Among patients with OMCNP, the abducens nerve tends to be affected most commonly [2, 14]. The reason for this observation remains poorly understood. The area and number of myelinated nerve fibres perfused by one endoneurial microvessel are nerve specific; perhaps the relatively lower vascular density of abducens nerve predispose it to microvascular ischaemic damage [15]. However, previous studies have shown no consistency regarding the frequency of ischaemic OMCNP, Table 2 [2, 9, 16,17,18,19]. Similar to the observations of Al Saleh et al. [17] and Choi et al. [20] this cohort of patients showed higher prevalence of oculomotor nerve palsy as compared with that of trochlear nerve palsy. Similar predilection for ocular motor cranial nerves has been described in post-stroke OMCNP [21].

Complete recovery in the majority of patients might suggest demyelination due to nerve ischaemia as the underlying pathogenic mechanism [11]. Early resolution of ischaemic cranial nerve palsy in patients younger than 50 years of age could possibly be related to the milder microvascular changes that resulted in early recovery from ischaemic damage. Furthermore, there is lower recurrence of ocular motor nerve palsy in my cohort of patients as compared with that reported by Sanders et al. [22]. It is quite possible that lower recurrence of ocular motor nerve palsy as well as no occurrence of stroke is due to an inherent bias in this study as a result of shorter duration of follow up.

Only seven patients were categorized as having AOBD due to ‘undetermined aetiology’, that is much lower than that reported in the literature [7, 16, 23]. Ocular motor nerve palsy was sentinel event leading to the identification of microvascular risk factors in eight patients.

Routine neuroimaging in patients presenting with acute onset isolated ocular motor cranial palsy continues to be a topic of debate in the literature, especially in the presence of risk factors [11, 14]. In this study, not all the patients aged 50 years and above did undergo neuroimaging. Murchison et al., as in this study, mentioned much lower yield (abnormal findings 1/25 patients) of neuroimaging in this age group [24]. In contrast, the causative lesion was found in 6/10 patients among patients aged less than 50 years of age without any microvascular risk factor.

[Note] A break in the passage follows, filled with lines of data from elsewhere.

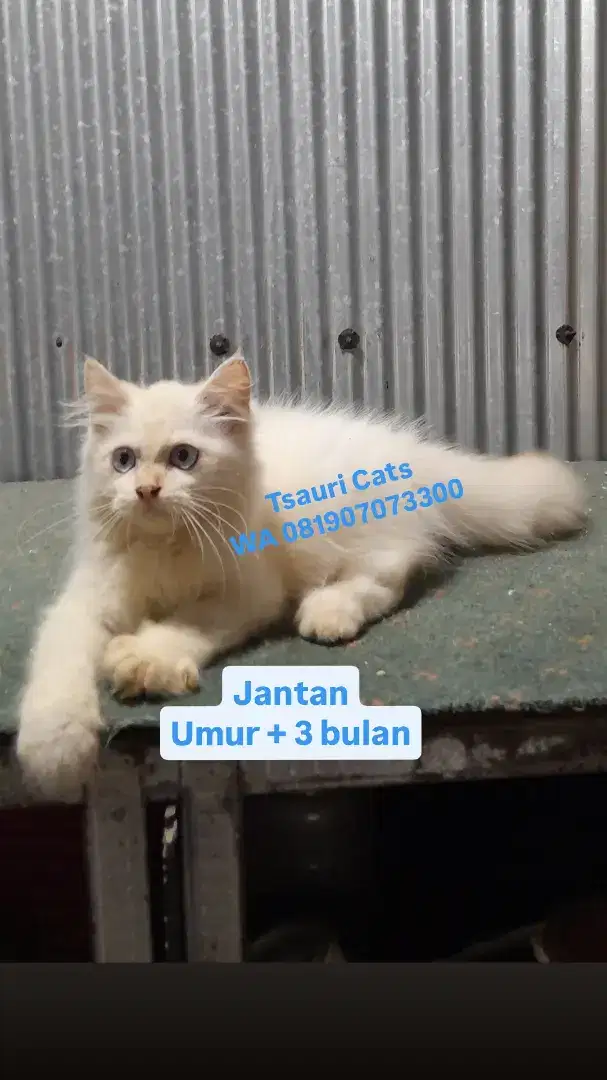 Kucing Kitten Jantan 
Longhair Bulu Kapas
Umur + 3 bulan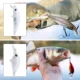Free Fisher kit de señuelos para montar crankbaits duros DIY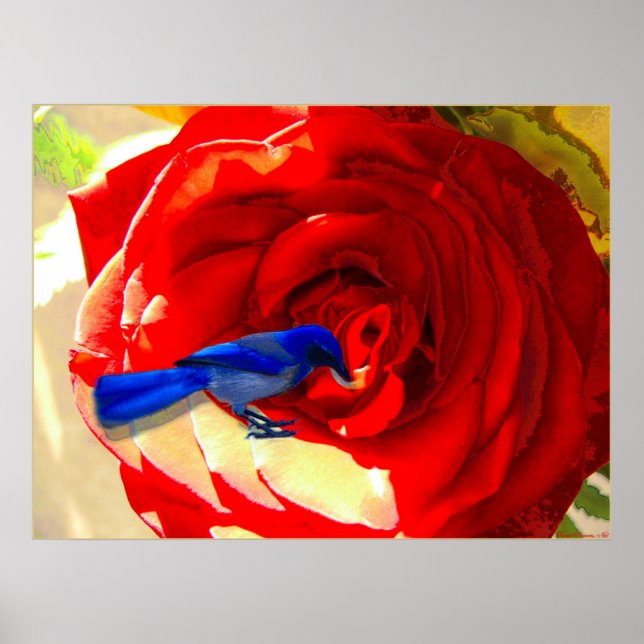 Poster Rose rouge et Oiseau bleu (Devant)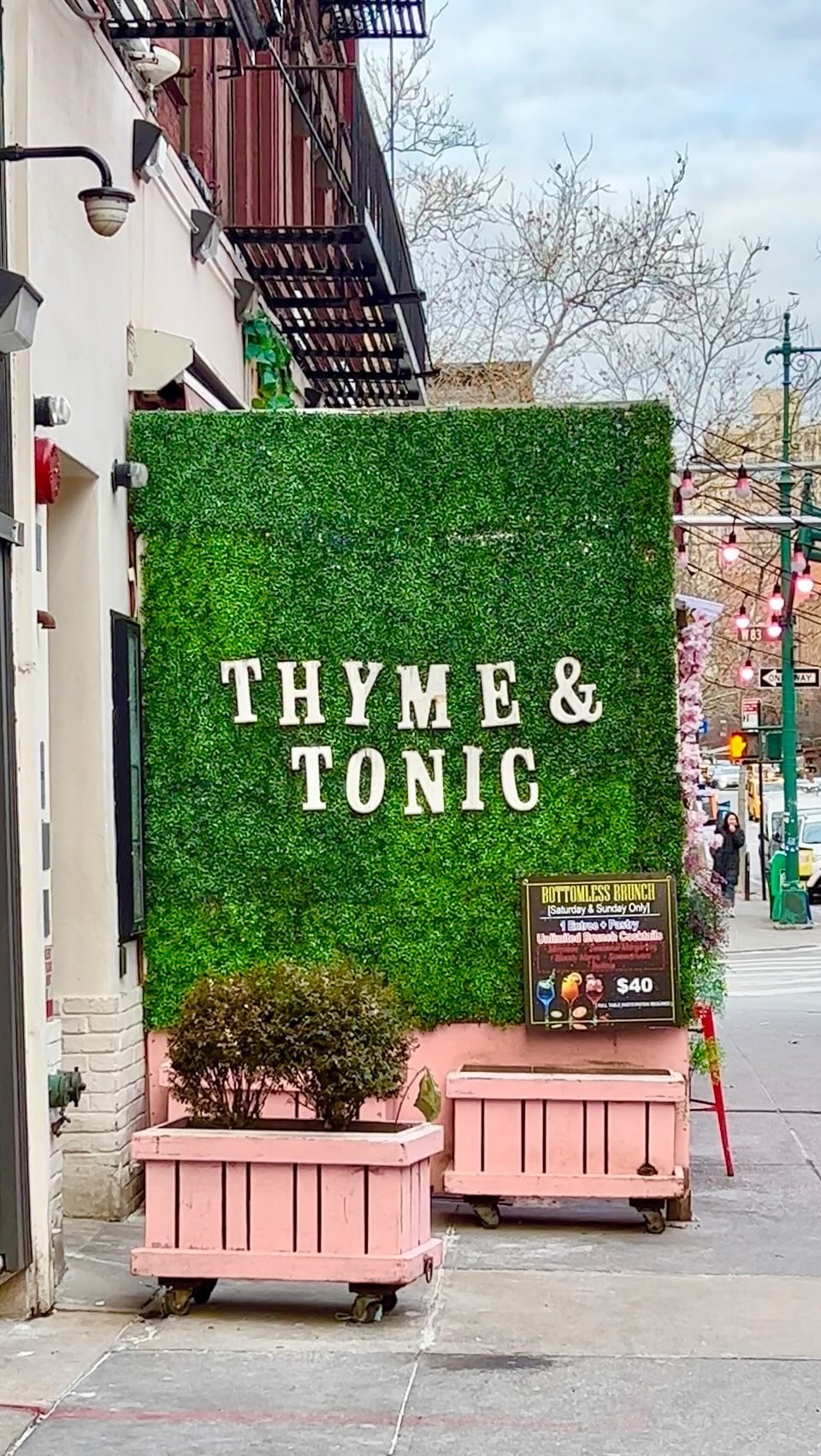 Thyme & Tonic — photo 5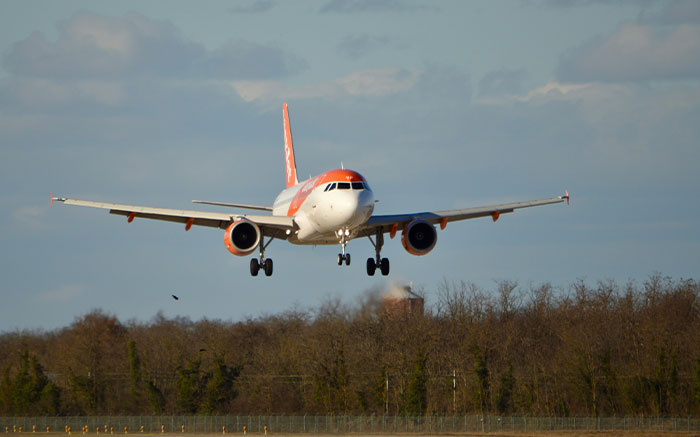 Wait, They Actually Called For A Doctor? These Stories Got Wild Fast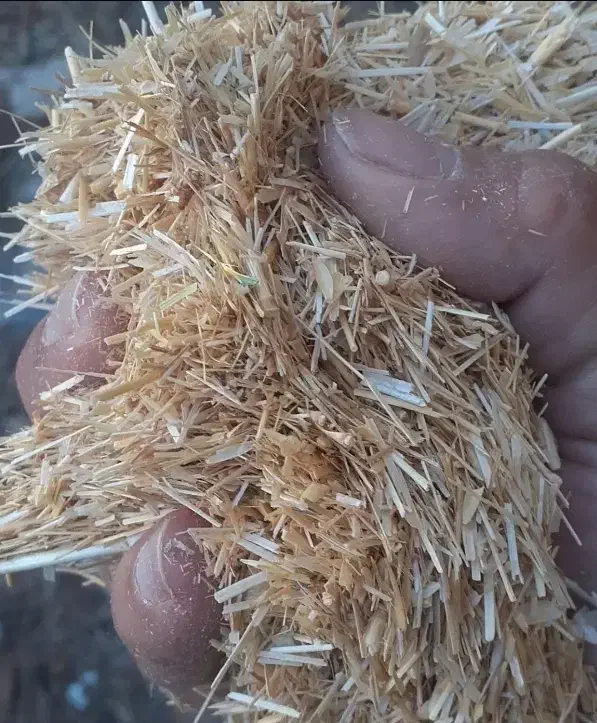 فروش کاه گندم لوبیا نخود وسفال گندم|لوازم جانبی حیوانات|گلپایگان, |دیوار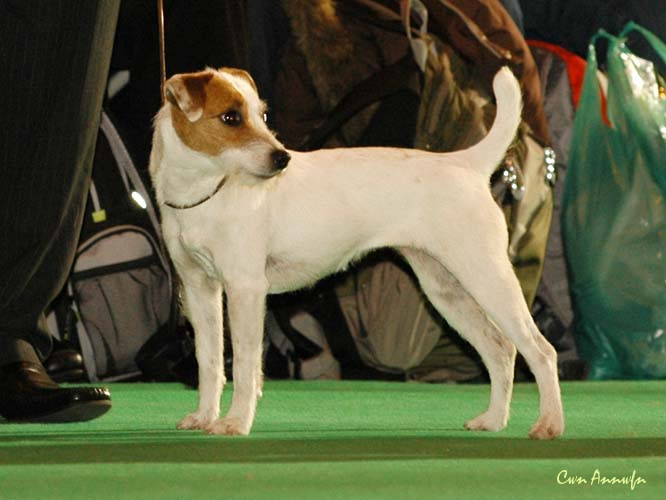 DSC_6274_muhlross miss marples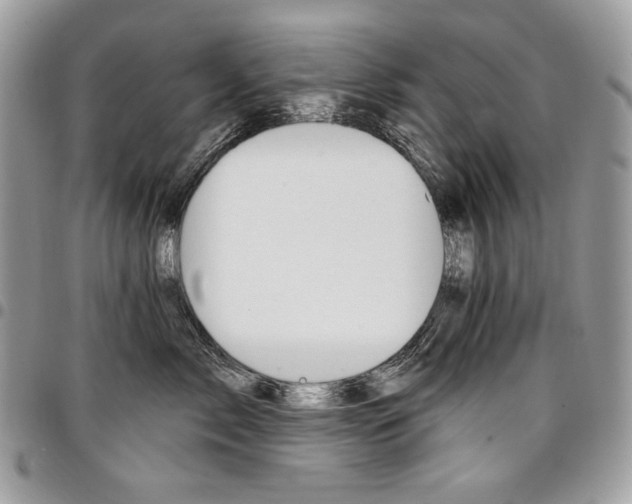 X0000096950717200802081229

A very recent study by Choi et al. reported severe headache as a pointer towards causes other than microvascular ischaemia in isolated OMNP [20]. I did not observe any correlation between severity of headache and aetiology in my patient cohort.

Although there was no correlation between OMCNP and diabetic retinopathy, yet the presence of multiple microvascular risk factors (especially the combination of diabetes and hypertension) increased the risk of OMCNP. In this study hyperlipidaemia alone was observed as a possible risk factor for OMCNP.

Although this is a retrospective study from a single institution that limits its interpretation, it is the first to describe, in a large cohort, the details of aetiology and outcomes in patients presenting with AOBD in Middle-Eastern population.

The author concludes that AOBD, though an alarming and distressing condition, carries reassuringly good prognosis in majority of patients. There is a need for multicentre prospective study of AOBD to understand the natural history and treatment outcomes to evolve an evidence based practice.

Summary

What was known before

  • Aetiology of binocular diplopia.

What this study adds

  • Demography, aetiology and outcomes of AOBD.